Едва завидев «бродягу», они остановились. Один что-то быстро говорил в рацию на бронежилете, другой собрал нас в кучу и повел к выходу с кладбища. И все это время кошмарное существо стояло в окружении беснующихся собак, протянув мозолистые руки в немой мольбе, и смотрело по сторонам. Из раскрытого рта, выделяющегося красным овалом на изуродованном белом лице, вырывались хриплые нечленораздельные стоны.

Полицейские все прибывали. Прилегающая к кладбищу дорога была перекрыта, над верхушками деревьев застрекотал вертолет. На дорожках появились люди в костюмах химзащиты; один держал в руках винтовку. Попадались там и люди в штатском со взрывчаткой и мрачной решимостью во взгляде. К этому моменту всех посетителей кладбища согнали к полицейскому фургону. Копы не отвечали ни на какие вопросы, и мы в спокойной, чисто английской манере гадали, не связано ли происходящее с атакой террористов. В то давнее время люди боялись главным образом терроризма.

Когда прозвучал первый выстрел, все мы от неожиданности вздрогнули. За ним последовал еще второй, и еще, и еще… Одна из собак сломя голову вылетела из ворот на улицу, где ее и пристрелил снайпер. Женщина, которая продолжала удерживать своих собак на поводках, завопила. Люди в костюмах химзащиты быстро соорудили прямо на тротуаре подобие душа и заставили всех нас по очереди пройти через него, а затем мы вынуждены были прямо в мокрой, воняющей одежде разместиться в клетушках полицейских фургонов.

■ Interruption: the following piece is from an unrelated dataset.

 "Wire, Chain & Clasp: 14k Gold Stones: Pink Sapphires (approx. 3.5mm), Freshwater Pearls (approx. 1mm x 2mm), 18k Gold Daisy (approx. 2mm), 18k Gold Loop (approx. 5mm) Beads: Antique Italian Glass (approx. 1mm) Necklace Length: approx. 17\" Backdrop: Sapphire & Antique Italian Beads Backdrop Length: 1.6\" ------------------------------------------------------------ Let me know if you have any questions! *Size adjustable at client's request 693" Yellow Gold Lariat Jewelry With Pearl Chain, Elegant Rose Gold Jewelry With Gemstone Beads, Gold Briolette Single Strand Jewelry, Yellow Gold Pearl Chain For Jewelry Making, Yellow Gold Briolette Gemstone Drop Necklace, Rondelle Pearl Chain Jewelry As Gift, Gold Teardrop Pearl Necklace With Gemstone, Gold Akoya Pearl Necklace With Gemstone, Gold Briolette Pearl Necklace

Сто дней я провел в карантине, а когда меня наконец отпустили, мир изменился навсегда. Я наблюдал за всеми этими переменами по телевизору, а потом и сам очутился в гуще событий. Кругом солдаты, бесконечные проверки, вой сирен и ни на секунду не отпускающее чувство страха. Суды Линча, публичные повешения и сожжения. Один-два десятка расстрелов на месте ежедневно в одном только Лондоне. Здесь и там карантинные зоны за проволочными заборами. И повсюду захватчики.